Where Super-Slippery Materials Are Used
There are already quite a few application areas for SLIPS coatings, although most projects are still undergoing testing or are being implemented selectively.
The slipperiest material in industry helps solve several serious problems:
- Protecting pipelines and tanks from the buildup of oil, paraffins, and other viscous substances, which reduces cleaning costs and increases throughput;
- Fighting icing — ice on a SLIPS surface holds tens of times more weakly than on ordinary metal. This is critically important for power lines, aviation, wind turbines, and ships operating in cold latitudes;
- Anti-corrosion protection — the lubricant layer physically isolates the metal from water and aggressive environments;
- Self-cleaning surfaces for solar panels, building facades, and optical instruments.
In the search for ideal materials, scientists often chase strength, but sometimes the key property is precisely the absence of adhesion.
In medicine, the potential of slippery materials is even more exciting:
- Coatings for catheters, implants, and surgical instruments that blood and proteins do not stick to. This reduces the risk of thrombosis and infections;
- Surfaces for hospital equipment, door handles, and operating tables that prevent bacteria from establishing themselves — without any antibiotics or antiseptics;
- Containers for storing and transporting blood and biomaterials — where every drop counts.

SLIPS coating on a pipeline prevents ice formation even in extreme frost
What Prevents SLIPS Coatings from Reaching Mass Production
If the technology is so great, why isn’t everything coated with it? There are several reasons, and they are quite mundane.
First, the lubricating liquid gradually evaporates or gets washed away. In laboratory conditions, the coating works perfectly, but in real-world environments — under rain, wind, and mechanical loads — its lifespan is limited. Scientists are working on self-replenishing systems where lubricant is supplied from an internal reservoir, but for now this complicates the design and increases the cost.
Second, some lubricants are not compatible with every application. The food industry requires compositions safe for humans, medicine requires biocompatible ones, and the oil industry requires those resistant to aggressive chemicals. There is no universal formula yet.
Third, scaling up production remains expensive. Creating a perfect nanoporous coating on a lab sample the size of a coin is one thing.

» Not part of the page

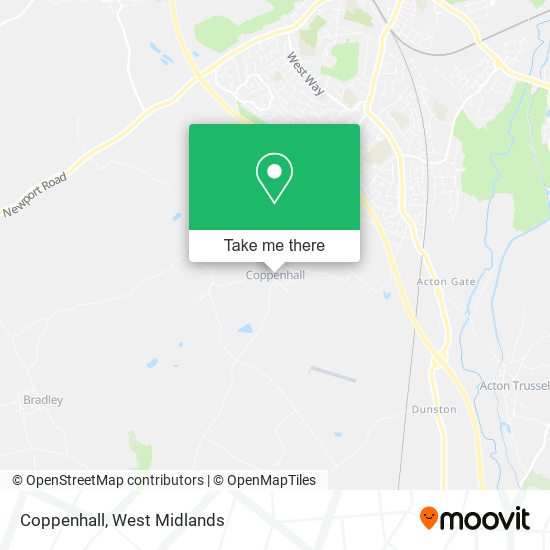 Coppenhall map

Coating a kilometer-long pipeline or an airplane wing with it is an entirely different matter.
Finally, perfluorinated liquids most commonly used in SLIPS raise environmental concerns. Some of these compounds belong to forever chemicals (PFAS), which break down extremely slowly in nature. The search for safe alternatives is one of the key research directions.
Nevertheless, progress is noticeable. Over the past decade, the number of publications on SLIPS has grown tens of times, and the first commercial products have appeared — from anti-icing sprays to medical coatings. The technology has clearly moved beyond the purely academic stage.
The remarkable properties of the Nepenthes plant, honed by millions of years of evolution, turned out to be so elegant that we cannot yet reproduce them in full. But each new experiment brings us closer to the moment when the world’s slipperiest material becomes just as commonplace as Teflon once did.